Guiado por la consigna de ahorrarse costos políticos, el kirchnerismo siempre se ha mostrado diestro como pocos en el arte de patear problemas hacia adelante. Pero si su intención era continuar así hasta 2015, la realidad está pasándole facturas ya mismo. Y hasta ocurre que cuando quiere encarar alguna de las cuentas pendientes, lo sacuden los efectos colaterales de sus decisiones.
Es el caso del atraso cambiario, que el Gobierno busca achicar a fuerza de minidevaluaciones aceleradas. Lo hace tarde y en el momento menos oportuno, porque la movida coincide con una inflación real que parece enfilada a desbordar el 30% anual: evidentemente, aquí hay un cortocircuito.
Otro salta cuando el cable pelado de la devaluación se toca con la crisis energética. El cruce entre ajuste cambiario fuerte e importaciones de gas y combustibles siempre crecientes, y ya monumentales, tiene un correlato inevitable: las importaciones se vuelven más costosas en pesos.
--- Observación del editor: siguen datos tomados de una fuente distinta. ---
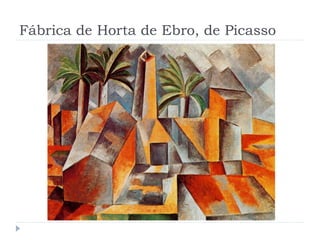 Fábrica de Horta de Ebro, de Picasso
 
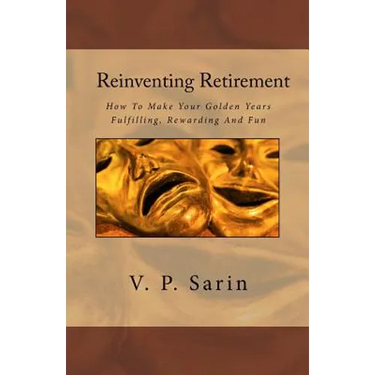Reinventing Retirement: How To Make Your Golden Years Fulfilling, Rewarding And Fun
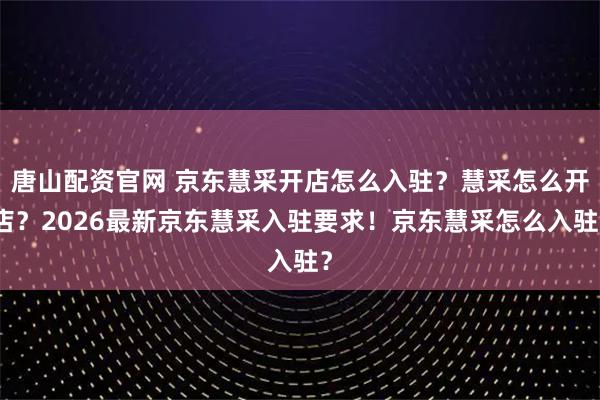 唐山配资官网 京东慧采开店怎么入驻？慧采怎么开店？2026最新京东慧采入驻要求！京东慧采怎么入驻？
Luego, si la nafta y el gasoil que necesariamente deben venir de afuera son más caros, no es ninguna novedad pensar que eso será trasladado a los precios internos. Tampoco que, de seguido, también quedará abultada la factura de los subsidios en pesos.
Los apremios ya inocultables dejan a la intemperie a cualquier relato oficial. “El país está atravesando por una fase de muchísima prosperidad, pero no ignoramos que en los últimos cinco años la caída de Lehman Brothers (el banco que desató la crisis de las hipotecas en EE.UU.) significó una gran incertidumbre. Estamos poniendo recursos para que la circunstancial falta de producción no se refleje en los precios”. Muy suelto de cuerpo, así fue la película que Axel Kicillof contó la semana pasada, en la comida del Día del Petróleo.
Aún gastando mucho esfuerzo de imaginación, resulta inútil tratar de que la fase de muchísima prosperidad del país encaje con los datos crudos de la realidad. O empalmar los recursos que se ponen, según Kicillof, con la seguidilla de aumentos de combustibles.
“Circunstancial” le dijo el ministro a una caída en la producción de petróleo que se agudizó en la era K y a otra en la de gas que nació en la era K: dar vuelta un cuadro así consumirá años e inversiones cuantiosas. Y eso de que el mundo se nos vino encima huele adiscurso demasiado viejo.
A mediados de septiembre, Clarín había adelantado que después de las elecciones de octubre el Gobierno iba a subir las tarifas de la luz y el gas a ciertos consumos considerados medios y altos. Simplemente, porque la situación fiscal ya no bancaba la magnitud de los subsidios.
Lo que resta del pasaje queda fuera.